The Ministry of Health and Family Welfare had released a draft Bill to address incidences of violence against healthcare professionals and damage to the property of clinical establishments in September 2019.  The draft Bill prohibits any acts of violence committed against healthcare service personnel including doctors, nurses, para medical workers, medical students, and ambulance drivers, among others.  It also prohibits any damage caused to hospitals, clinics, and ambulances.   

Table 1 compares the offences and penalties under the Ordinance, the draft Bill, and Indian Penal Code, 1860.

Table 1:  Offences and penalties with regard to violence against healthcare service personnel 

Offences and Penalties

Epidemic Diseases (Amendment) Ordinance, 2020

Healthcare Service Personnel and Clinical Establishments (Prohibition of violence and damage to property) Bill, 2019

Indian Penal Code, 1860

Violence

 

  • Violence against a healthcare service personnel is punishable with imprisonment between three months and five years, and a fine between Rs 50,000 and two lakh rupees.     (Act of violence includes harassment, hurt/harm, and damage to property)
  • Violence against a healthcare service personnel, is punishable with imprisonment between six months and five years, and a fine of up to five lakh rupees.     (Act of violence includes harassment, hurt/harm, and damage to property)
  • Causing voluntary hurt is punishable with imprisonment up to one year, or with fine up to Rs 1,000, or both.

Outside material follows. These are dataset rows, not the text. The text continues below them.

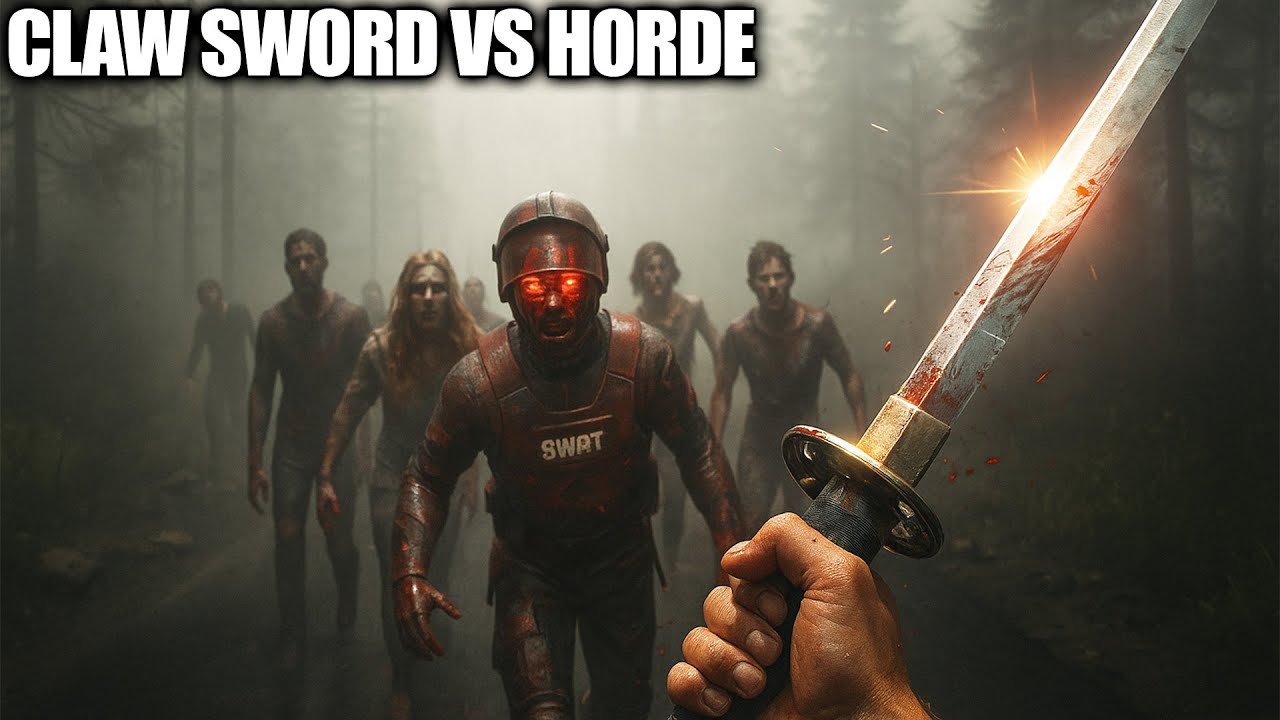 Massive Horde Incoming While I’m out Looting…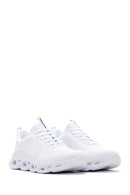 Men's White Thick Soled Sneaker | Derimod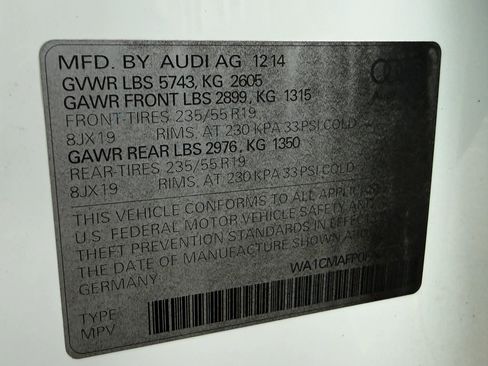 Used 2015 Audi Q5 TDI Premium Plus w/ Technology Package image 64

Violence causing grievous harm

  • Violence against a healthcare service personnel causing grievous harm is punishable with imprisonment between six months and seven years, and a fine between one lakh rupees and five lakh rupees.
  • Violence against a healthcare service personnel causing grievous harm is punishable with imprisonment between three years and ten years, and a fine between two lakh rupees and ten lakh rupees.
  • Voluntarily causing grievous hurt is punishable with imprisonment up to seven years, and a fine.

Damage to property

  • Damage or loss to any property during an epidemic, is punishable with imprisonment between three months and five years, and a fine between Rs 50,000 and two lakh rupees. 
  • Damage or loss to any property of a clinical establishment, is punishable with imprisonment between six months and five years, and a fine of up to five lakh rupees.     
  • Loss or damage to the property worth Rs 50 or more is punishable with imprisonment up to two years, or fine, or both.

Sources: Epidemic Diseases (Amendment) Ordinance, 2020, Healthcare Service Personnel and Clinical Establishments (Prohibition of violence and damage to property) Bill, 2019, and Indian Penal Code, 1860; PRS. 

Are there provisions for the safety of healthcare service personnel at the state level?

Several states have passed legislation to protect healthcare service personnel.  These states include: Andhra Pradesh, Arunachal Pradesh, Assam, Bihar, Chhattisgarh, Delhi, Gujarat, Haryana, Karnataka, Kerala, Maharashtra, Manipur, Odisha, Punjab, Rajasthan, Tamil Nadu, Tripura, Uttarakhand and West Bengal.  

Most state Acts define healthcare service personnel to include registered doctors, nurses, medical and nursing students, and paramedical staff.   Further, they define violence as activities causing harm, injury, endangering life, intimidation, obstruction to the ability of a healthcare service person to discharge their duty, and loss or damage to property in a healthcare service institution.  

All state Acts prohibit: (i) any act of violence against healthcare service persons, or (ii) damage to property in healthcare service institutions.  In most of these states, sf a person partakes in these prohibited activities, he/she is punishable with imprisonment up to three years and a fine of up to fifty thousand rupees.  However, in certain states such as Tamil Nadu the maximum prison sentence may be up to ten years.